1. Field of the Invention
The present invention generally relates to an apparatus for use in a well. Particularly, the invention relates to an apparatus for use in forming a lateral wellbore. More particularly, the invention relates to an apparatus for forming a pilot ledge to begin the formation of a lateral wellbore.
2. Description of the Related Art
Multilateral systems enable multiple reservoirs or areas within a reservoir to be produced simultaneously and offer the opportunity for reduced drilling and completion costs, increased production, and more efficient reservoir drainage. Multilateral technology connects a lateral wellbore or multiple lateral wellbores to a main borehole at the multilateral junction. The multilateral junction can be designed in a new well application or created in an existing wellbore in a re-entry application. These advances in drilling technology have made many vertical drilled wells candidates for re-entry and re-work to drill lateral wellbores.
Starting a lateral in a cased wellbore requires forming a pilot ledge in the wellbore tubular to provide direction and a pathway for a bit to begin the drilling operation. Because most bits are designed to drill at their bottom end surface, the pilot ledge is formed in the wellbore to create a contact surface for the bottom of the bit to initialize continuous drilling and minimize reaming of the bore. The drilling of the lateral starts as the bottom portion of the bit contacts this pilot ledge and proceeds along a path determined by a concave portion of a whipstock.
A conventional method used to create a pilot ledge in a cased wellbore begins with the setting of a packer or a bridge plug at a depth below the intended window of the lateral. Thereafter, a starter mill connected to a whipstock by a shearable connection is run into the wellbore.
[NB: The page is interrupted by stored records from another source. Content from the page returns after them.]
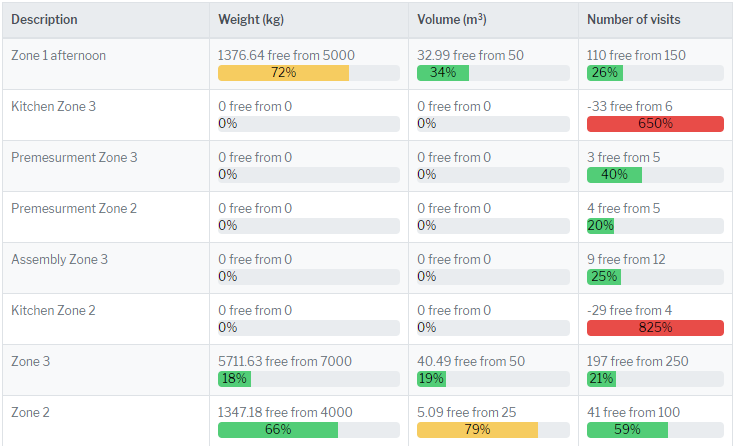 capacity management and timeslots in TMS transportation management system real life example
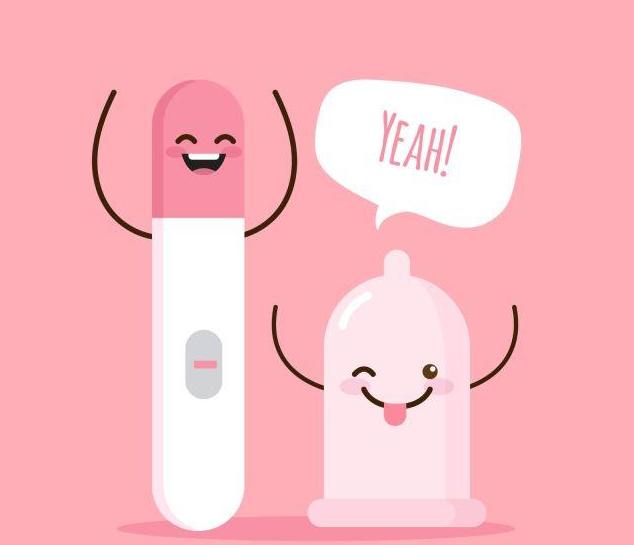 世界各国是怎么避孕的,各国夫妻怎么避孕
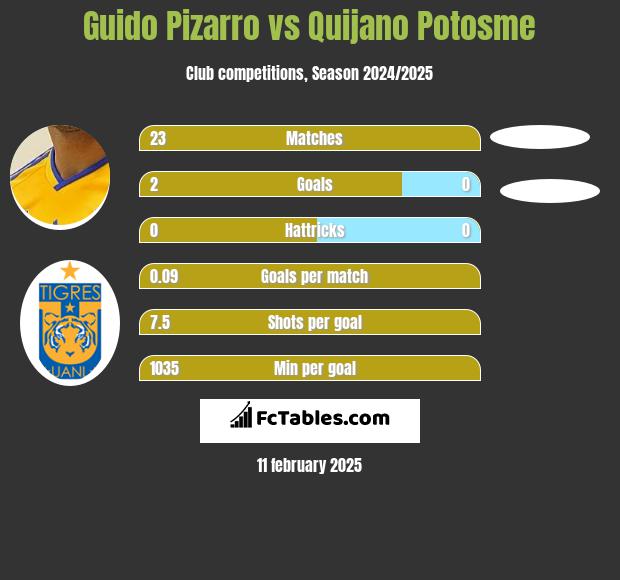 Guido Pizarro vs Quijano Potosme h2h player stats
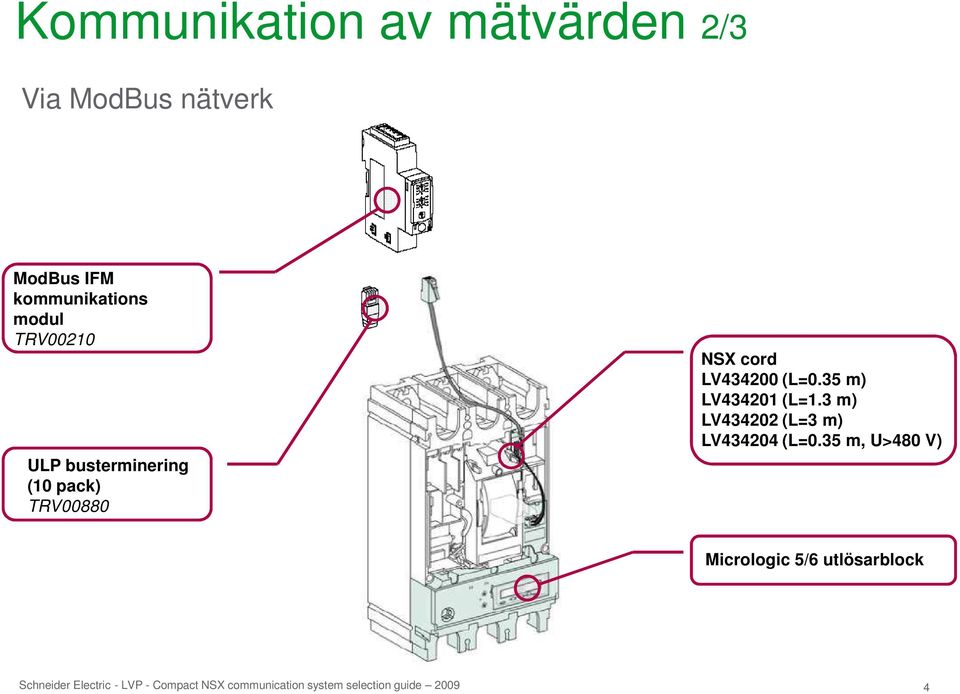 ModBus IFM kommunikations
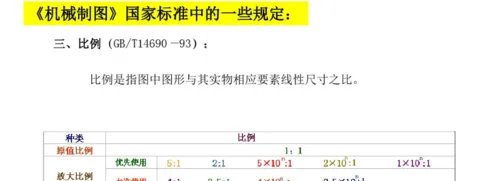 机械制图基础知识如何识图?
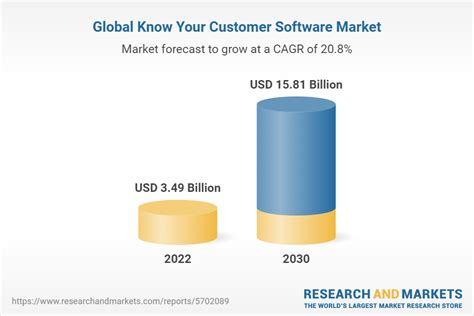 The Global Know Your Customer Software Market size is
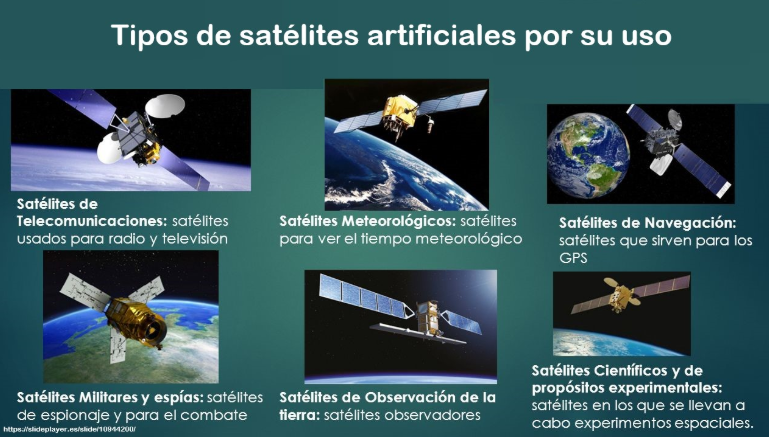 Satélites artificiales según su función 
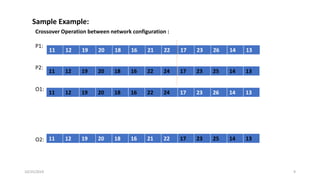 Crossover Operation between network configuration :
P1:
P2:
O1:
O2:
11 12 19 20 18 16 22 24 17 23 25 14 13
11 12 19 20 18 16 22 24 17 23 26 14 13
11 12 19 20 18 16 21 22 17 23 25 14 13
Sample Example:
910/25/2019
 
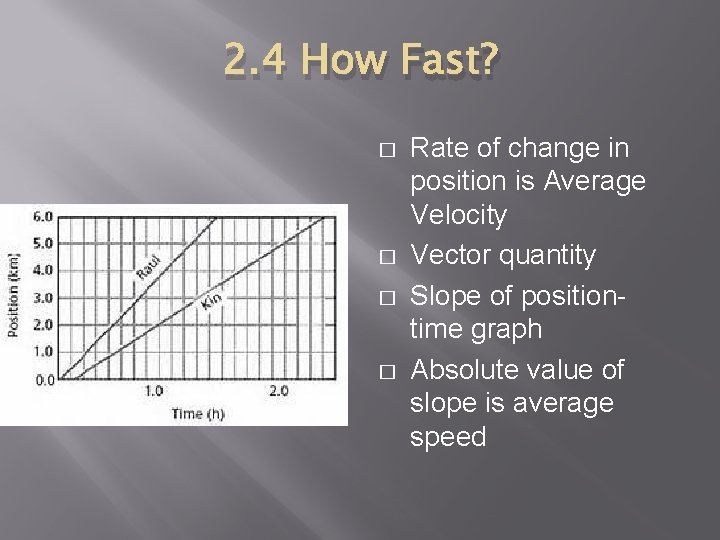 2. 4 How Fast? � � Rate of change in position is Average Velocity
The starter mill typically includes a mill with a nose portion. Blades are disposed on the outer surfaces of the mill for cutting the pilot ledge. The nose portion connects the starter mill to the whipstock. The whipstock is set or fixed at a certain orientation to provide a directional guide for the starter mill. With the whipstock anchored to the packer, a shearing force is applied to the run-in string to detach the starter mill from the whipstock. The starter mill is then raised and rotated and proceeds to work back down along a concave face of the whipstock. The whipstock directs the starter mill to the opposing wall of the wellbore to begin cutting the pilot ledge. When the desired pilot ledge is cut, the starter mill is retrieved and a window mill is run-in to form a window shaped opening in the casing for a tri-cone bit to subsequently drill the lateral wellbore.
A conventional method of starting a lateral in an open hole does not require a pilot ledge. Instead, a whipstock is set above an open hole bottom at a depth below the intended window of the lateral. Then, cement is supplied to fill the wellbore above the whipstock. Once cured, the cement provides a drillable medium for a standard drilling bit to initiate drilling. As the drilling continues, the bit is guided by the concave face of the whipstock to form the lateral.
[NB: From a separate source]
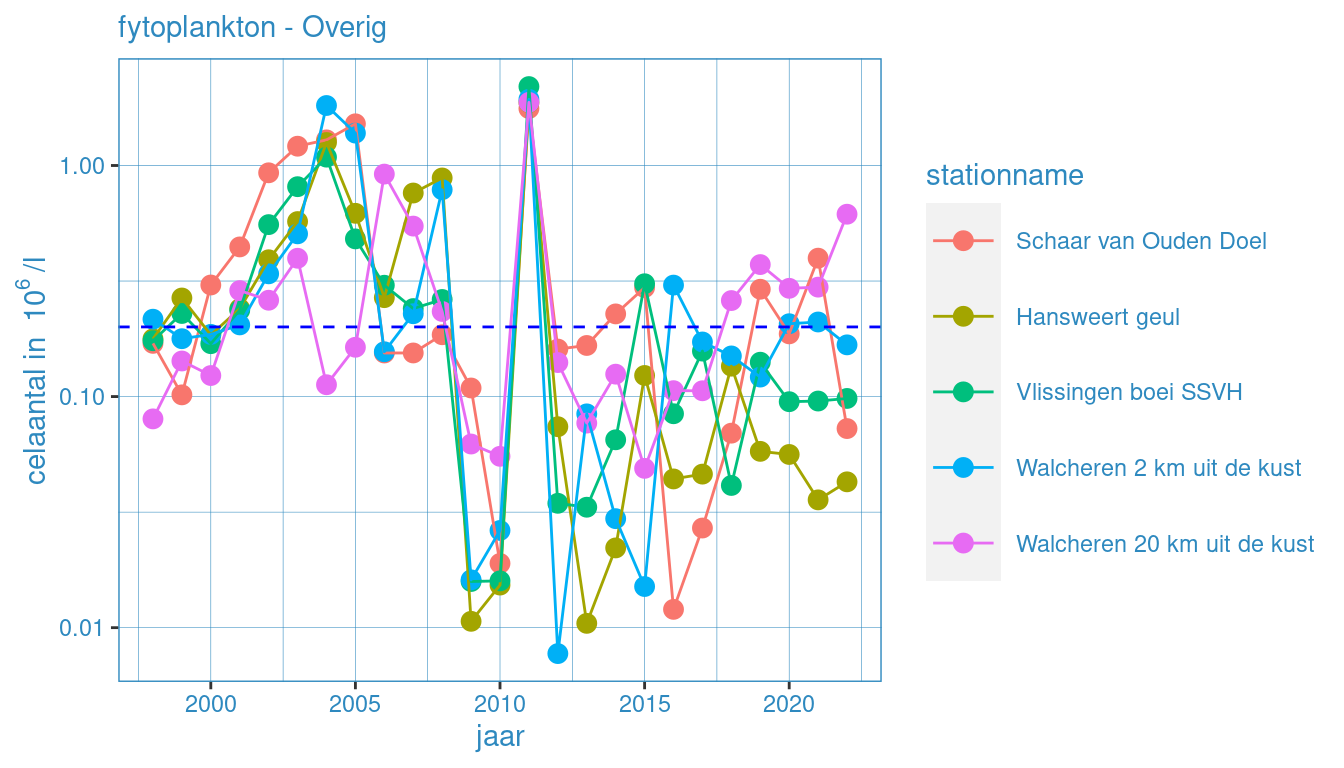 Jaarlijkse waardes voor fytoplankton (fytoplankton - overig) voor alle stations. Zwarte lijn geeft het gemiddelde voor deze groep voor de gehele dataset weer.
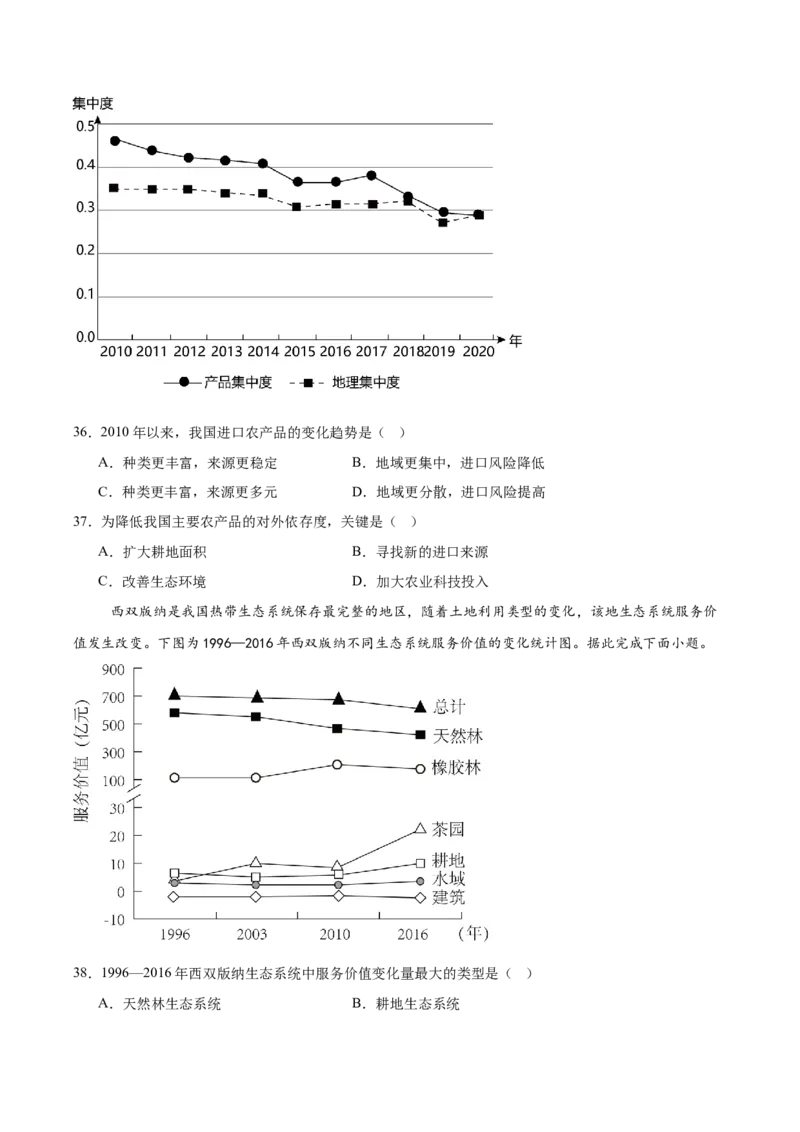 山东省滕州市第一中学2024-2025学年高二下学期3月单元过关考试地理Word版含答案_2024-2025高二（7-7月题库）_2025年04月试卷(1)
The above described method is generally effective when applied to an open hole adjacent to relatively softer formations. However, problems arise when this method is applied to open holes adjacent to abrasive and hard formations such as sandstone and quartzite. One problem caused by these hard borehole walls is severe wear and tear on the concave face of the whipstock which comes about as a result of the cutting tool's inability to penetrate the formation as it moves along the concave face of the whipstock. This problem is compounded by the fact that the sides of a bit generally are not designed to cut. Difficulty in cutting into the hard formation of the wellbore causes the bit to cut into the concave face of the whipstock. Consequently, the whipstock may have to be replaced before a lateral wellbore is formed.
One solution to the problem of hard borehole walls is to form a pilot ledge using the conventional method for a cased wellbore. However, the use of a starter mill presents the same problems, most notably, severe wear and tear on the whipstock as a result of the cutting tool's inability to penetrate the hard formation as the starter mill moves along the whipstock.
In addition to wear and tear, binding problems can also occur when conventional methods of forming a pilot ledge are applied to an open hole with hard formations therearound. Generally, a starting mill should have the same profile as a window mill or a bit that forms the lateral wellbore in order to leave an adequate clearance for the cutting tools that follow. When the formation is hard, continuous drilling may alter the profile of the starter mill. As a result, the pilot ledge formed will have a smaller diameter than the bit that follows. With its larger profile, the bit will bind and be forced to ream the pilot ledge to create a proper profile for itself. In the process, the bit may be damaged and its profile altered resulting in a wellbore that is not accessible by other tools.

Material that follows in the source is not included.